The Unnatural tells the story of Andy Archway, the young phenom destined to break Janus P. Mordecai’s single-season embalming record. Think about the accumulated tropes of every inspiring baseball movie ever made applied to the world of funeral homes, and you’ll have an idea what The Unnatural is like. With the skill of a born parodist, Prill keeps the prose straight-faced throughout, employing his transmogrified sports clichés with unflinching earnestness. The overall effect is wickedly funny.
The strangest thing about this novel is it’s eerie plausibility. So many aspects of professional sports have become so patently absurd that The Unnatural’s depiction of them is a parody only by virtue of its funerary setting. And history is littered with cultures whose death rituals are far more obsessive and less bizarre than the ones depicted here. It’s all too easy to imagine a world where magazines like Respectful Casket Tales show up on the newsstand next to Reader’s Digest.

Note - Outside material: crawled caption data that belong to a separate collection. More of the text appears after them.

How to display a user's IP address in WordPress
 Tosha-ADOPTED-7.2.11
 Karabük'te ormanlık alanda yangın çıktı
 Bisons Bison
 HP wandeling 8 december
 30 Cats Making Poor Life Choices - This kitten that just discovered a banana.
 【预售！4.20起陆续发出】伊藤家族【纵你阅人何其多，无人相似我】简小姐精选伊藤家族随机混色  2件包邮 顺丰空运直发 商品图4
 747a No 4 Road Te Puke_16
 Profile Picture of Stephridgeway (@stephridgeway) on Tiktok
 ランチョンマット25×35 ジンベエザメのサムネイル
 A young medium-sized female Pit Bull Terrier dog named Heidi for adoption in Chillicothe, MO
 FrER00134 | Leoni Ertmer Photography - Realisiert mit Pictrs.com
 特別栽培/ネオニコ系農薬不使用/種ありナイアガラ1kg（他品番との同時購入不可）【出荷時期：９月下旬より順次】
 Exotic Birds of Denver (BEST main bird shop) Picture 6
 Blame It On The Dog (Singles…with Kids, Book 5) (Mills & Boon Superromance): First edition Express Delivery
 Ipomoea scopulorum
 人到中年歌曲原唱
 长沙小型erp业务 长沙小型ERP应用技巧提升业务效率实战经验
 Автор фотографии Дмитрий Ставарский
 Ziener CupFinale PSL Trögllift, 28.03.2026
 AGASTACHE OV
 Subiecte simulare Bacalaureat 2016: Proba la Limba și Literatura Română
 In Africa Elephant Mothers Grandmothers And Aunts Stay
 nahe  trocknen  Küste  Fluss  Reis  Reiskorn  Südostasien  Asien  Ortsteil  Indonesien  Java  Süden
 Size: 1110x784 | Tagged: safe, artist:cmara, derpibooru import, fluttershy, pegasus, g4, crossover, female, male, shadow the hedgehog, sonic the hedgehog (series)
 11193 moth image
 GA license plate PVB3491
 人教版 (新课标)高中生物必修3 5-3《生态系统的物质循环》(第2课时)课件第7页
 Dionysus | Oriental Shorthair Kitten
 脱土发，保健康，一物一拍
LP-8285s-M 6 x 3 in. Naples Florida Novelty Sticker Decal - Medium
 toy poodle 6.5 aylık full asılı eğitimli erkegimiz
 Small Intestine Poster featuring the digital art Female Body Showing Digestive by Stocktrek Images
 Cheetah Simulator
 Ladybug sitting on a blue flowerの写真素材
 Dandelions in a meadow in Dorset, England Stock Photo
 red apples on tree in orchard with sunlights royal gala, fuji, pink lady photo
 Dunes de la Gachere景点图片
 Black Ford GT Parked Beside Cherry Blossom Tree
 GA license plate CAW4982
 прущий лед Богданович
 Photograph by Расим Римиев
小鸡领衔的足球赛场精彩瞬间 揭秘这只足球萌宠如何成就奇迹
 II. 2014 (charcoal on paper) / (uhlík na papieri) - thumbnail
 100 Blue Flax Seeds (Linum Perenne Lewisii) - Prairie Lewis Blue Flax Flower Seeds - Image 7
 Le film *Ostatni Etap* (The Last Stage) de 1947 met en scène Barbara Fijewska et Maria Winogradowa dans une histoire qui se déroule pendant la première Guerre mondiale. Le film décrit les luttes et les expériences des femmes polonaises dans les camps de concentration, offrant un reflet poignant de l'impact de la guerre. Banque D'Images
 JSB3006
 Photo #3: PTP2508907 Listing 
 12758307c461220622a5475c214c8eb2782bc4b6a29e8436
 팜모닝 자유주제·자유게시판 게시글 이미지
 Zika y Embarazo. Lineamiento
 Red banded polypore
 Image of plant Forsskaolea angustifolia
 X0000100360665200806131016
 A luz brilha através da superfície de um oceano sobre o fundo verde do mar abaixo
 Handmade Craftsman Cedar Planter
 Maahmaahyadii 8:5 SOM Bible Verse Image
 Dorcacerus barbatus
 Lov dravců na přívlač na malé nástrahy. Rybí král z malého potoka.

For it’s first two-thirds of this book is one of the funniest novels I’ve read this decade. Alas, then there’s the rest of the book, which is not so much bad as disappointing. The novel founders on the rocks of inadvisable authorial choices, the humor sinking slowly beneath the waves of a muddled plot. There are other missteps here, such as too much time spent on the villainous Drabford brothers compared to their overall role.
Still, these are forgivable flaws for an author’s first novel, especially one so funny. The Unnatural is the This is Spinal Tap of funerals.